Construction also is continuing on a 156-bed fast-track building on the grounds, and operating money is included in the budget for fiscal year 2010, which starts July 1, according to state Rep. Barbara Massey Reece, D-Menlo.

“I believe the warden is committed, and (DOC) Commissioner Brian Owens is committed, to ensuring there is adequate staff there,” she said.

Reece, a member of the House State Institutions and Property Committee, has been in especially close con-

tact with the DOC after an October escape at the Chattooga County facility. Two inmates climbed a dormitory roof and scaled two perimeter fences and eight strands of razor wire. Johnny Mack Brown was captured in Lavonia a month later, but Michael A. Tweedell remains at large.
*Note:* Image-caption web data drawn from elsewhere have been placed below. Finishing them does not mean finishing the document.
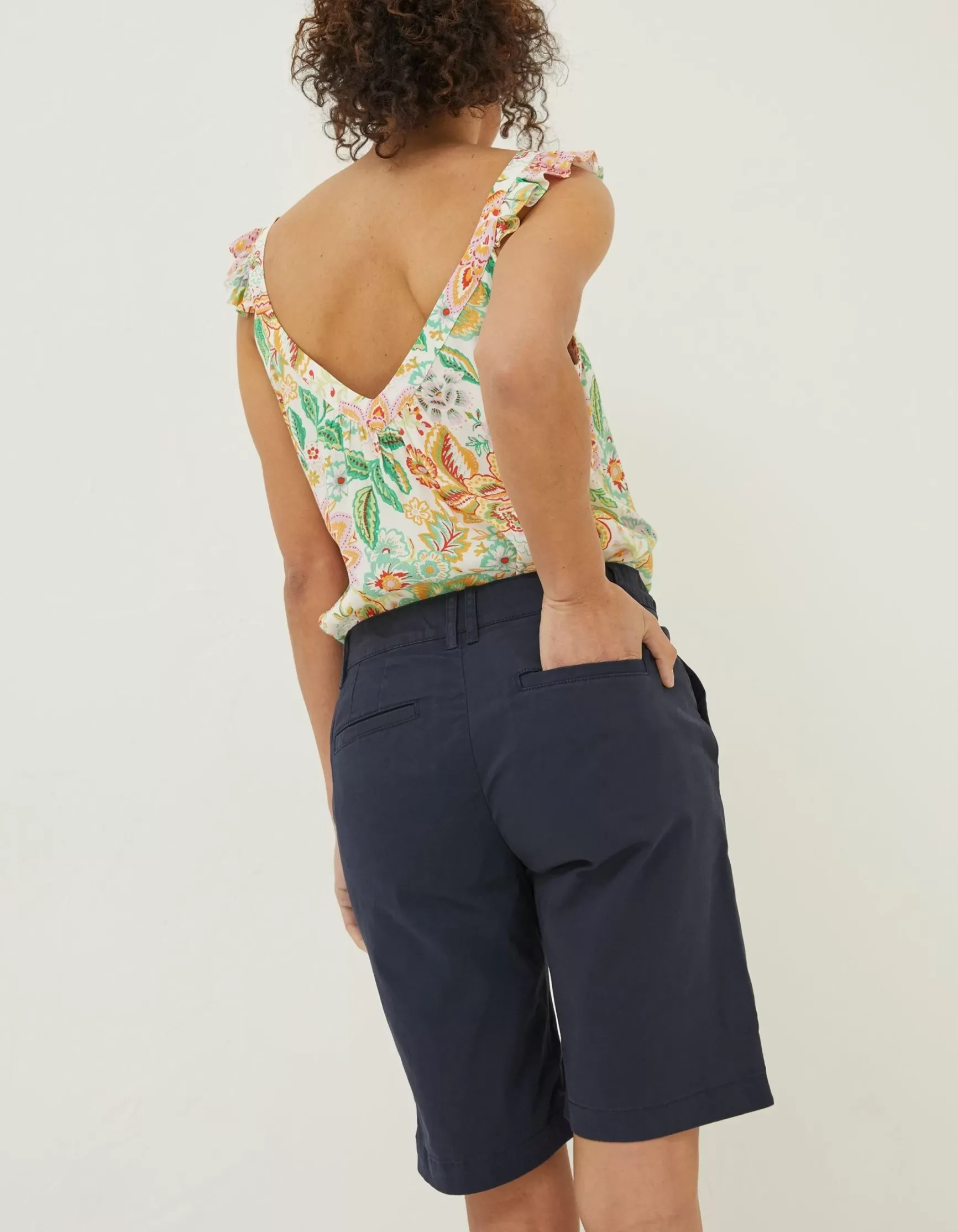 FatFace Falmouth Bermuda Chino Shorts|Women Shorts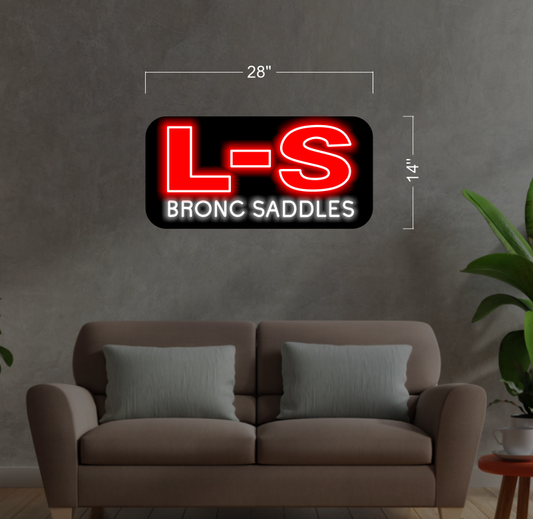 L-S Bronc Saddles | Led Neon Sign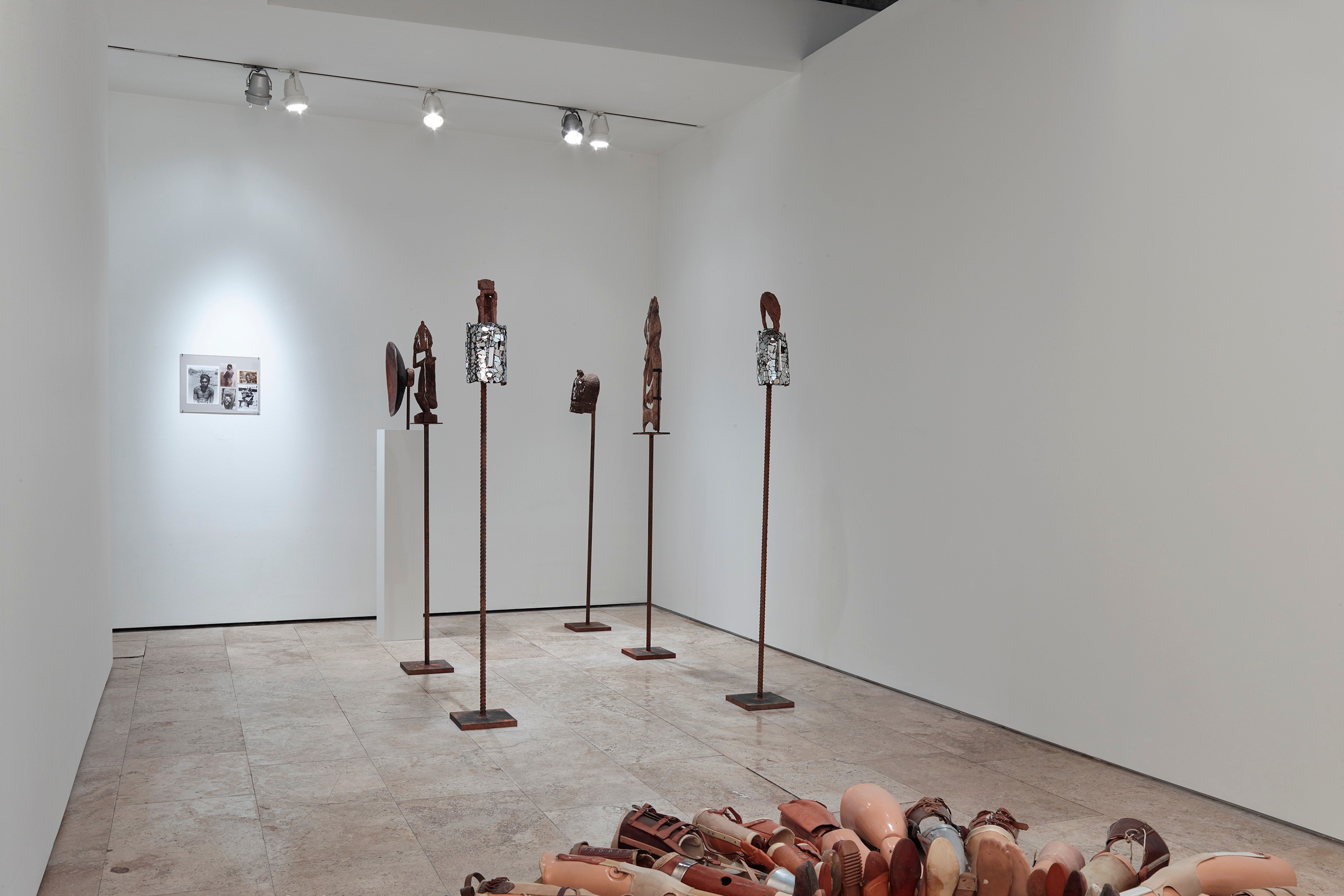 Installation view of Show your injuries at Lehmann Maupin New York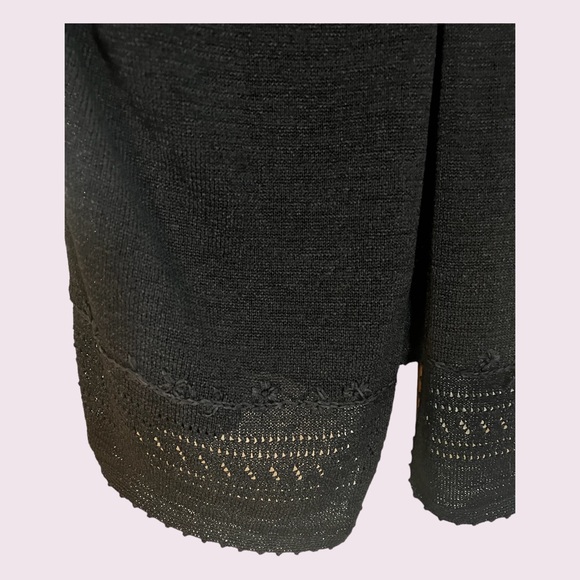 A Northern Traditions Black Cardigan in size large - Picture 3 of 6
Reece said the DOC budget plan calls for consolidating prison functions, such as setting up a single facility for mentally ill prisoners and further separating minimum- and maximum-security operations.

“We also have an aging prison population with health problems, and they’re thinking about a separate facility for that,” she said.
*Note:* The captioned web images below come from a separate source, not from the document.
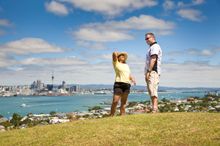Auckland's Beautiful Skyline from a dormant Volcano on a TIME Unlimited Tours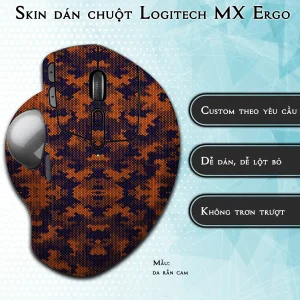 Skin dán chuột Logitech MX Ergo mẫu da rắn cam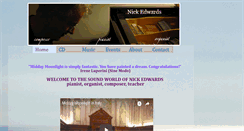 Desktop Screenshot of nickedwardsmusic.com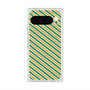 Premium Square Case with Pixelsnap［ Small Stripe - Green × Orange ］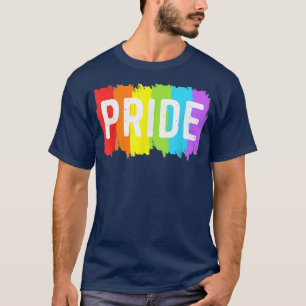 プライドLGBTレインボーゲイレズビアンT女性男性  Tシャツ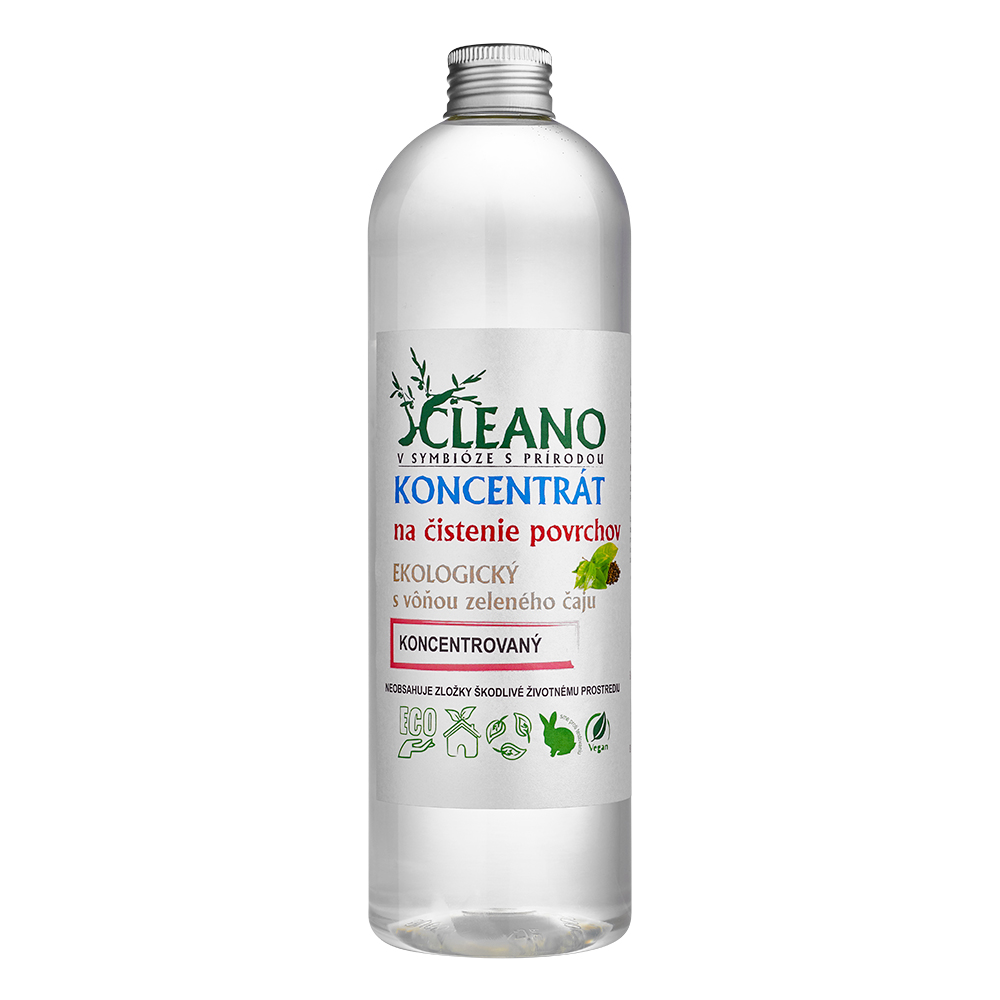 Levně Cleano - koncentrát pro čištění všech povrchů Zelený čaj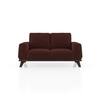 Granada Premium 2 Seater Fabric Sofa in Deep Crimson Velvet Colour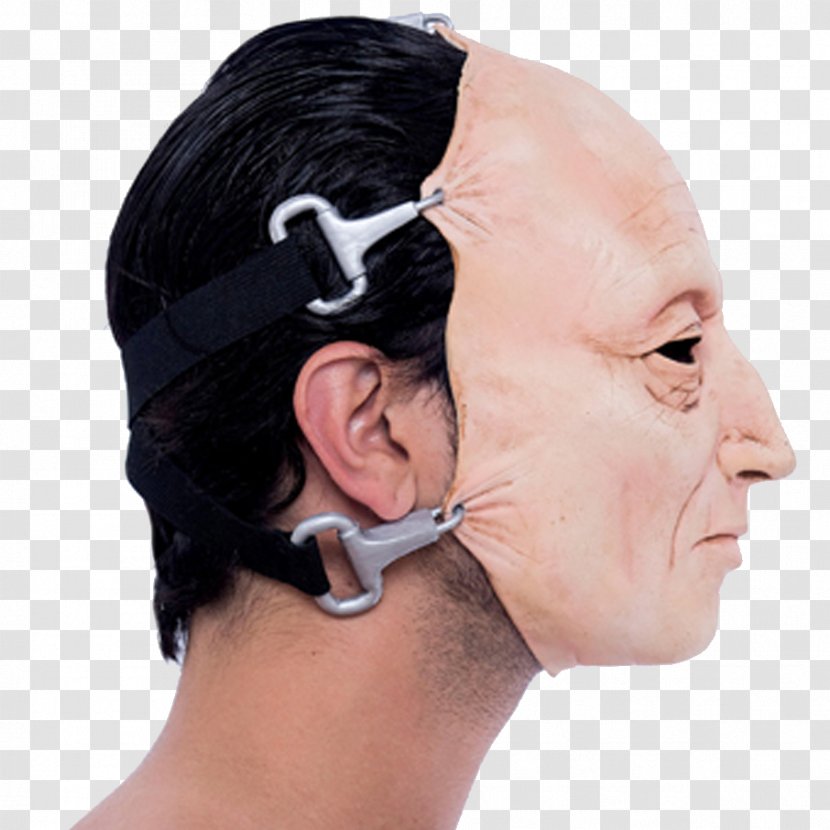 Jigsaw Tobin Bell Mask Billy The Puppet - Ear Transparent PNG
One cut-back proposal that could hurt Chattooga is the elimination of all fire stations at state prisons. The rural county depends mainly on volunteer firefighters.

“That little fire force at the prison is very important to us,” Reece said. “But I can understand them saying it’s not a core mission (of the DOC).”

State Sen. Preston Smith, R-Rome, said appropriations hearings this year are focused like a laser on the core missions of each agency. The casual sharing of resources — such as the use of prisoners to mow grass at other state facilities — is giving way to an interagency billing system.

“There’s a real competitiveness among the agencies for state dollars and they’re trying to balance their books on each other,” he said. “It’s a good way to account for the resources, but it has also added administrative costs to the ability to lend things back and forth.”

Smith chairs the Judiciary Subcommittee for Appropriations. He said salaries are set by state law for judges, district attorneys and other court officials, so there’s less flexibility in how to handle the belt-tightening.

“It’s a unique budget as far as trying to minimize the cuts we make to services and minimize the job losses,” he said.

On a positive note, he said, discussions between House and Senate budget writers have been much more collaborative. In previous years, negotiations between the two chambers haven’t started in earnest until after each body had passed its spending proposal.

“There’s more of a spirit of cooperation,” Smith said. “We’re meeting on the front end to try to work things out.”

Reece said she also noticed more camaraderie during the hearings last week.

“There’s no room to monkey around this time,” she said. “When you look at the possibility of school nurses being cut out, when the Georgia State Patrol is 400 positions short of what used to be considered full force, it’s a very serious thing and I think everybody realizes that.”